**THE INPUT:**

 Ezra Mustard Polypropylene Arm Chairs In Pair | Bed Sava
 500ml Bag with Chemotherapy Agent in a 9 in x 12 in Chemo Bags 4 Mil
--
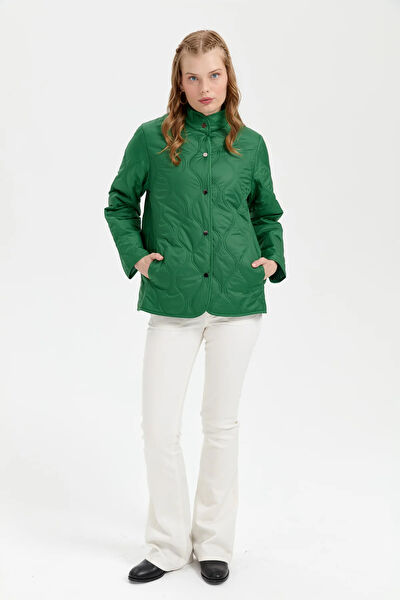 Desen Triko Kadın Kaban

**WHAT NEEDS TO BE DONE:**
Restate word for word the lines in the material above from the one with "Ezra Mustard Polypropylene" to the one with "500ml Bag with"; both of those lines count, and nothing else does.

**RESULT OF THE TASK:**
 Ezra Mustard Polypropylene Arm Chairs In Pair | Bed Sava
 500ml Bag with Chemotherapy Agent in a 9 in x 12 in Chemo Bags 4 Mil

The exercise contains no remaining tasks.